Applying the foregoing to the evidence presented in this record, we cannot hold, as a matter of law, that the law officer should have excluded the accused’s conversations with Grimsley while he was in the latter’s custody. According to the guard, he and the accused were old friends and the conversation was initiated by Beck. Cf. United States v Caliendo, supra. It was entirely personal, and Grimsley averred that he was acting in a completely unofficial manner when he participated therein — out of motives of curiosity — to the extent of asking three questions. United States v Dandaneau, supra. At the same time, however, neither can we resolve all the evidence against the accused and, as a matter of law, conclude there was no duty on Grimsley’s part to advise the accused of his rights under Code, supra, Article 31. Cf. United States v Moore, 15 USCMA 187, 35 CMR 159; United States v Kuefler, 14 USCMA 136, 33 CMR 348.
Thus, despite Grimsley’s disclaimer, the court may have inferred that he was acting on behalf of the Army from the fact that he was a trained military policeman; that at the time of the accused’s admissions, Grimsley had him in custody and under his control; and that, while he made no immediate, official report of the conversation, he ultimately did disclose it to the prosecutor. Cf. United States v King, supra; United States v Murphy, supra. Moreover, the issue of admissibility is clearly presented by accused’s testimony, in which he controverted Grimsley’s presentation. Thus, Beck declared the conversation was begun by Grimsley’s inquiries concerning his assault on Miller and that, while Grimsley was a friend, on this occasion the relationship was strictly that of an armed guard and his prisoner. From all these factors, it was clearly open to the court-martial to find Grimsley, in talking with the accused, was acting “officially” and thus was under a duty to advise him of his rights under Code, supra, Article 31. The law officer erred in ruling to the contrary and should have submitted the factual issue involved to the court-martial under proper instructions. United States v King, United States v Murphy, both supra; United States v Gorko, 12 USCMA 624, 31 CMR 210.
Ordinarily, an error of this nature in connection with the receipt of pretrial incriminatory statements would require complete reversal.
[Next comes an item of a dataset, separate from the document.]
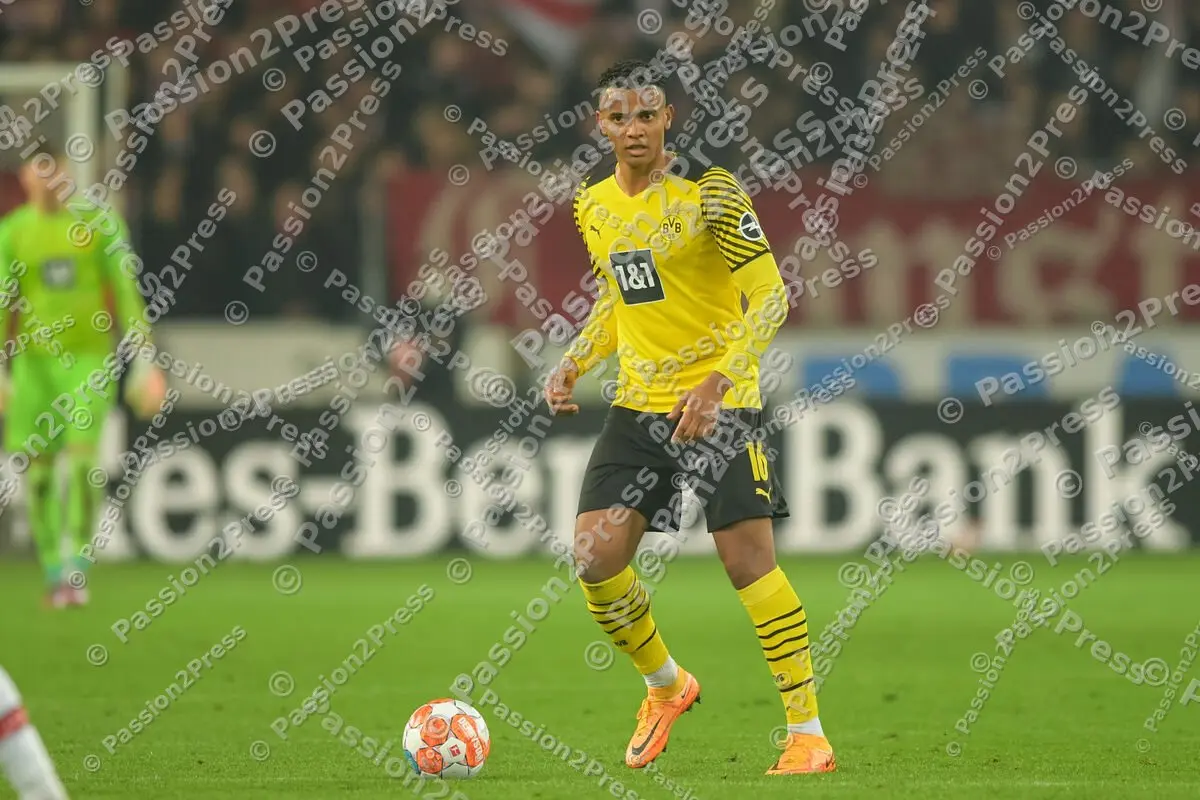 VFBBVB_20220408_1739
United States v King, supra; United States v Odenweller, 13 USCMA 71, 32 CMR 71. Here, however, the accused judicially confessed to assaulting Miller and the others with a dangerous weapon, and the declarations in question went only to the question whether he thereby intentionally inflicted grievous bodily harm upon his initial victim. Under such circumstances, the prejudice involved goes only to the offense affecting Miller, as found here, and it is open to the board of review either to order a rehearing thereon or to affirm the lesser offense to which accused confessed in his testimony and reassess the sentence. United States v Woodruff, 11 USCMA 268, 29 CMR 84; United States v Kelly, 7 USCMA 218, 22 CMR 8; United States v Smith, 2 USCMA 440, 9 CMR 70. Accordingly, we limit our reversive action.